This is sufficient to reproduce any alignment from the same inputs.

Package layout

src/tracealign/
  __init__.py            # public API: tokenize, align, get_language, list_languages, register_language
  model.py               # Token, Match, AlignmentResult, Lexica, Reason
  tokenize/
    base.py              # RawToken, EditorialBracketRules
    plaintext.py         # the 4-stage language-agnostic pretokenizer
  lang/
    base.py              # LanguagePack ABC, ScoringTier, TierResult
    registry.py          # register_language, get_language, list_languages
    hebrew/
      pack.py            # HebrewLanguagePack
      tokenize.py        # gershayim mid-word, maqqef split
      normalize.py       # niqqud strip, skeleton
      scoring.py         # the five tier predicates
      data/              # seed JSON lexica
  score/
    tiered.py            # generic tier-walk function
  align/
    needleman_wunsch.py  # Gotoh DP + abbreviation lookahead
  io/
    result.py            # AlignmentResult JSON dump/load
    escriptorium.py      # eScriptorium JSON importer
    tei.py               # TEI XML importer

Multi-witness alignment (v0.2)

align_multi extends the pairwise aligner to N witnesses. The pipeline is three-phase:

Phase 1 — Pairwise distances

Every pair of witnesses is aligned with tracealign.align() (the v0.1 pairwise aligner) and the distance is computed as 1 total_score. The result is a symmetric N × N distance matrix; the diagonal is zero. Witness ids are sorted lexicographically before computing, making the matrix independent of dict insertion order.

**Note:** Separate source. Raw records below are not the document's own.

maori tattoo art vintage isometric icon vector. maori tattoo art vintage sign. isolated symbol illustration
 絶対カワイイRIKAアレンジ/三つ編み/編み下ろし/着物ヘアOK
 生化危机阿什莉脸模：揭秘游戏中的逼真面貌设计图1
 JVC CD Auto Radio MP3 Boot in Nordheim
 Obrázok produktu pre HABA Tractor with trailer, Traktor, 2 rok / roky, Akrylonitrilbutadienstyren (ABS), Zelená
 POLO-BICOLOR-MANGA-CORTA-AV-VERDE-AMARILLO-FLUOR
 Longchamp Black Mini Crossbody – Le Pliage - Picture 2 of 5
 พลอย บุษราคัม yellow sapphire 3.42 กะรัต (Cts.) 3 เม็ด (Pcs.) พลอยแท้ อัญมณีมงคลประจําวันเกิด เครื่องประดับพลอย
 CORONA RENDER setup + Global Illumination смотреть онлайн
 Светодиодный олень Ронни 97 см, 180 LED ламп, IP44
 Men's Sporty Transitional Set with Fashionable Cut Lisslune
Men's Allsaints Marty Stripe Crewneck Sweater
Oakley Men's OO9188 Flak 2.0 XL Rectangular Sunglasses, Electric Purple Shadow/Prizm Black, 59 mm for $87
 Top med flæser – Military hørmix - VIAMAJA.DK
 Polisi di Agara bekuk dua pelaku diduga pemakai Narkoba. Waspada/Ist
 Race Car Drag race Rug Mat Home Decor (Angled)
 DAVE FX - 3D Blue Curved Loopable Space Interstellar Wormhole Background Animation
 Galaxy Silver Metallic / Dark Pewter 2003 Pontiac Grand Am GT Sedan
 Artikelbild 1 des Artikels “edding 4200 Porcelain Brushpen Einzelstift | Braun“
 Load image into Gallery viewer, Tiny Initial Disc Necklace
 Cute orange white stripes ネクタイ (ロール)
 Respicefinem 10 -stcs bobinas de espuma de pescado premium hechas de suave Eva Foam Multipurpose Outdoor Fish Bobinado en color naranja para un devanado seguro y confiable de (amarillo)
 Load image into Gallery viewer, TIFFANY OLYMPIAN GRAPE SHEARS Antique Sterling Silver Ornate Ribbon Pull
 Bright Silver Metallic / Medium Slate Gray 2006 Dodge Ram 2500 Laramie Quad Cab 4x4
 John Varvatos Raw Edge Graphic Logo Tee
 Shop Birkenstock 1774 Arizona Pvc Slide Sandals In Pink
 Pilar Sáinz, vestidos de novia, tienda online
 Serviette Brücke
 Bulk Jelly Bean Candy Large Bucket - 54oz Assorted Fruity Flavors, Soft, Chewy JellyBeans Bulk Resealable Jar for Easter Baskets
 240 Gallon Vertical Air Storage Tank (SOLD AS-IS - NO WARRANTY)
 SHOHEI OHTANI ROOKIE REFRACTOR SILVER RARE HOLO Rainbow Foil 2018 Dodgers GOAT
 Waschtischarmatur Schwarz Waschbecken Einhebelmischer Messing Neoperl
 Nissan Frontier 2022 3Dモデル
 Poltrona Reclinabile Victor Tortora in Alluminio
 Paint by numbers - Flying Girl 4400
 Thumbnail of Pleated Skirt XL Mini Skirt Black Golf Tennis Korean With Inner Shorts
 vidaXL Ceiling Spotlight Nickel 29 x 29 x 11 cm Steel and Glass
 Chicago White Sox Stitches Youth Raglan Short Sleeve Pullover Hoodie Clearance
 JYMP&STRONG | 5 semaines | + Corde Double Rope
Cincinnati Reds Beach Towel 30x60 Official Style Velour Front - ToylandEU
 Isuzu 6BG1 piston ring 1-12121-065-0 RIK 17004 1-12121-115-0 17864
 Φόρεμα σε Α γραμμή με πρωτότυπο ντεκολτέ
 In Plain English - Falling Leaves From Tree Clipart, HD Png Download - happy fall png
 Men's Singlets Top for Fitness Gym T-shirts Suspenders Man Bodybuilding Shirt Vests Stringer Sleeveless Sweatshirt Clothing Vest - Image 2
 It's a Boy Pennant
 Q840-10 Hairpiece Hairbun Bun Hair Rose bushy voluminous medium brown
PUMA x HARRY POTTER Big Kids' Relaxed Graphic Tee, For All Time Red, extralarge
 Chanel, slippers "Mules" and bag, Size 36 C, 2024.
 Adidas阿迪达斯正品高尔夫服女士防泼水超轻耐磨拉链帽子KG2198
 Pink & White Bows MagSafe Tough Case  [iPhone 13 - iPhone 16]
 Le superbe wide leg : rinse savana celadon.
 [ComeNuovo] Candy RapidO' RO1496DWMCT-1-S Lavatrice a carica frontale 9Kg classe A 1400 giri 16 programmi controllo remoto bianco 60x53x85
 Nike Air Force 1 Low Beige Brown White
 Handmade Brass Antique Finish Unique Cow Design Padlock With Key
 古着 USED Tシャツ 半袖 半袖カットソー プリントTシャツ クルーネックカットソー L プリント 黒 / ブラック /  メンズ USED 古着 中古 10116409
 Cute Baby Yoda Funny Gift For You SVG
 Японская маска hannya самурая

Phase 2 — UPGMA guide tree

A binary guide tree is built from the distance matrix using UPGMA (Unweighted Pair Group Method with Arithmetic Mean). At every iteration the closest cluster pair is merged. Ties are broken on the canonical (min, max) lexicographic order of cluster members, guaranteeing determinism. The tree’s height field carries the cumulative UPGMA distance — a starting point for later stemmatic work.

Phase 3 — Progressive POA-based merge

The guide tree is walked in post-order to produce a canonical merge sequence (closely-related witnesses are merged first). The first witness seeds the graph as a linear chain. Each subsequent witness is aligned to the current graph via partial-order alignment (POA) — a DP over the topologically sorted graph nodes. Three transitions:

Transition

Effect on graph

Match

Merge the new token into an existing node’s tokens[witness_id]; extend the witness set on the incoming edge.

Insertion in sequence (gap in graph)

Add a new node holding only this witness’s token; new edge prev new.

Deletion (skip graph node)

The new witness’s path bypasses this node — recorded by an edge that skips it.

node_match_score aggregates the per-constituent tiered score across the witnesses already in the target node. The default mode "max" is permissive (CollateX-aligned); "mean" and "min" are configurable.

Correctness guarantees

Two properties are pinned by tests:

  • Lossless reconstruction. For every input witness w, the path through the result graph yields exactly the original token sequence.

  • Permutation invariance. The same set of witnesses in any input dict order produces the same alignment (same witness paths, same variant loci).

Data flow

align_multi(witnesses, lang, config)
   │
   ▼
pairwise_distances        — Phase 1: O(N²/2) pairwise alignments
   │
   ▼
build_upgma               — Phase 2: deterministic binary tree
   │
   ▼
progressive_merge         — Phase 3: post-order POA-based merge
   │
   ▼
VariantGraph
   │
   ├──► AlignedTable      — derived view, re-anchorable
   └──► MultiAlignmentResult (graph + table + guide_tree + summary + params)